New Hampshire, années 60 : Eileen est une jeune femme profondément perturbée qui partage son temps entre la prison pour mineurs où elle travaille comme secrétaire et le taudis où elle vit avec son père, un ancien flic alcoolique et un père assurément toxique. Toxique, c’est d’ailleurs le mot qui caractérise le mieux l’ambiance de ce premier roman qui révèle un véritable talent.
Le tour de force d’Ottesa Moshfegh, c’est d’arriver à construire un récit haletant en s’appuyant sur un personnage au caractère extrêmement médiocre, et de faire de cette banalité même le moteur de l’intrigue. Instable et complexée, Eileen ne supporte son existence sinistre qu’en cultivant avec ses collègues une attitude qu’elle voudrait hautaine et supérieure. Ce qui ne l’empêche d’ailleurs pas de bovaryser à tout va sur la personne d’un jeune gardien de prison à peine conscient de son existence. L’arrivée de Rebecca, jeune et élégante psychologue diplômée d’une grande université, va bouleverser la vie d’Eileen en lui donnant un nouveau point de focalisation et une nouvelle source de fantasme. D’autant que Rebecca semble donner des signes d’amitié à Eileen, qui voit en elle un modèle, une âme sœur et –pourquoi pas- la possibilité de fuir sa petite vie étriquée. Mais Rebecca est-elle vraiment le modèle d’assurance et de réussite qu’Eileen voit en elle ?

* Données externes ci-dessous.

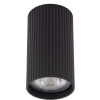TK Lighting Tune stropné svietidlo 1x10 W čierna 10022 TK Lighting Tune stropné svietidlo 1x10 W čierna 10022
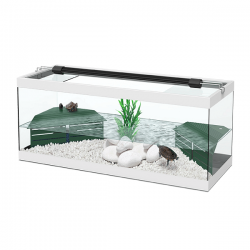 TORTUM White Turtle with Indoor Filter - Aquatlantis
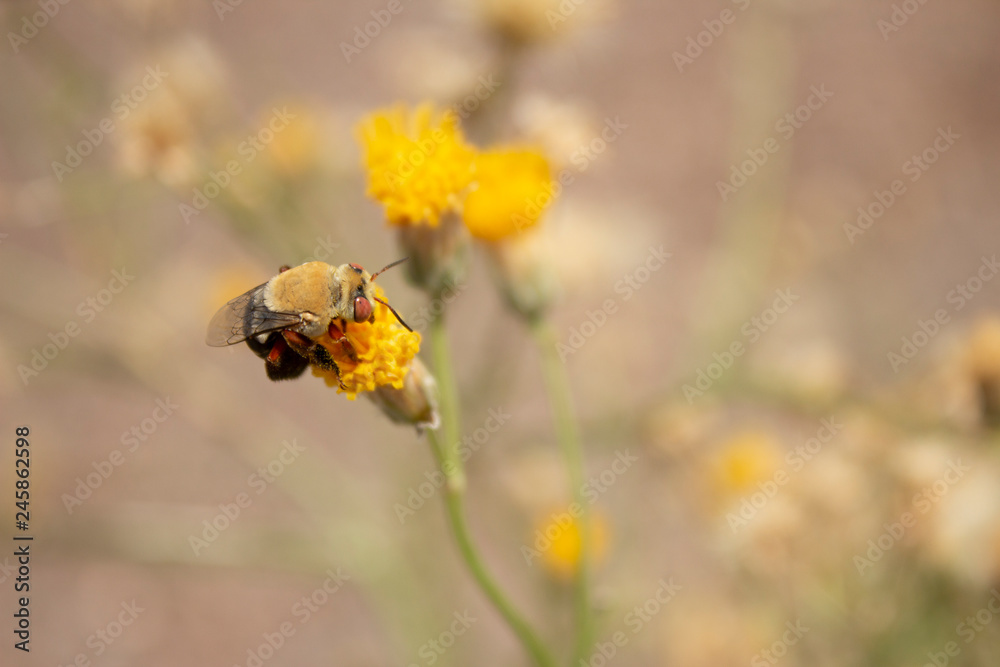 Bumble Bee Back on Bebbia Juncea Sweet Buch Macro Bumble Bee Back on Bebbia Juncea Sweet Buch Macro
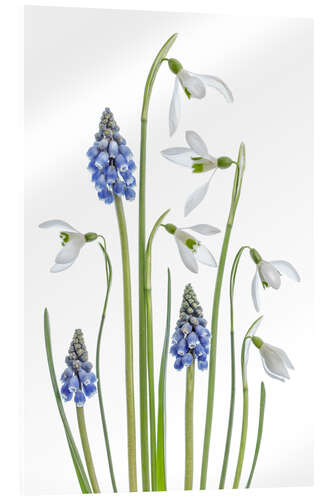 Acrylic print Snowdrops and Muscari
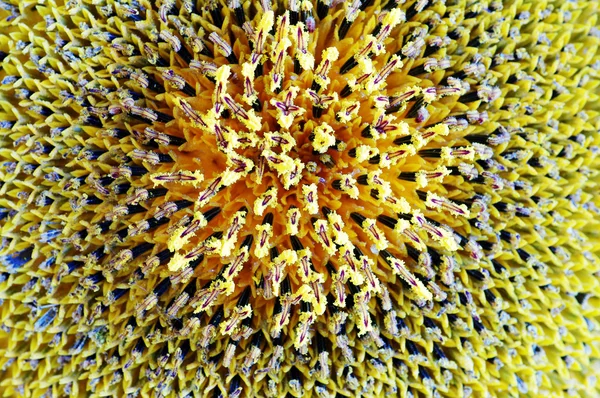 Macroshooting ayçiçeği bir çiçek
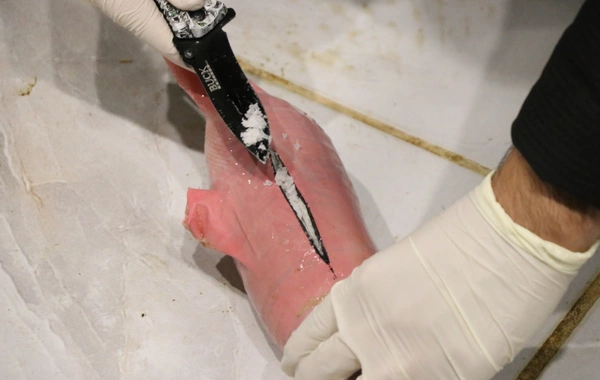 Qoyunların qarın boşluğunda narkotik gizlədildi – 54,6 kiloqram metamfetamin ələ keçirildi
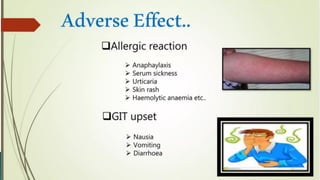 CEPHALOSPORIN.                                              pdf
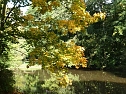 Herbstliches in Nordhausen (Foto: W. Kaiser)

On l’a compris, Eileen est un roman extrêmement noir avec une vraie dimension de thriller, qui se situerait à la croisée des textes de Joyce Carol Oates et Stephen King. Références peut-être un peu écrasantes pour ce premier roman à l’atmosphère poisseuse qui n’est pas sans défauts mais dont on ne peut que recommander la lecture.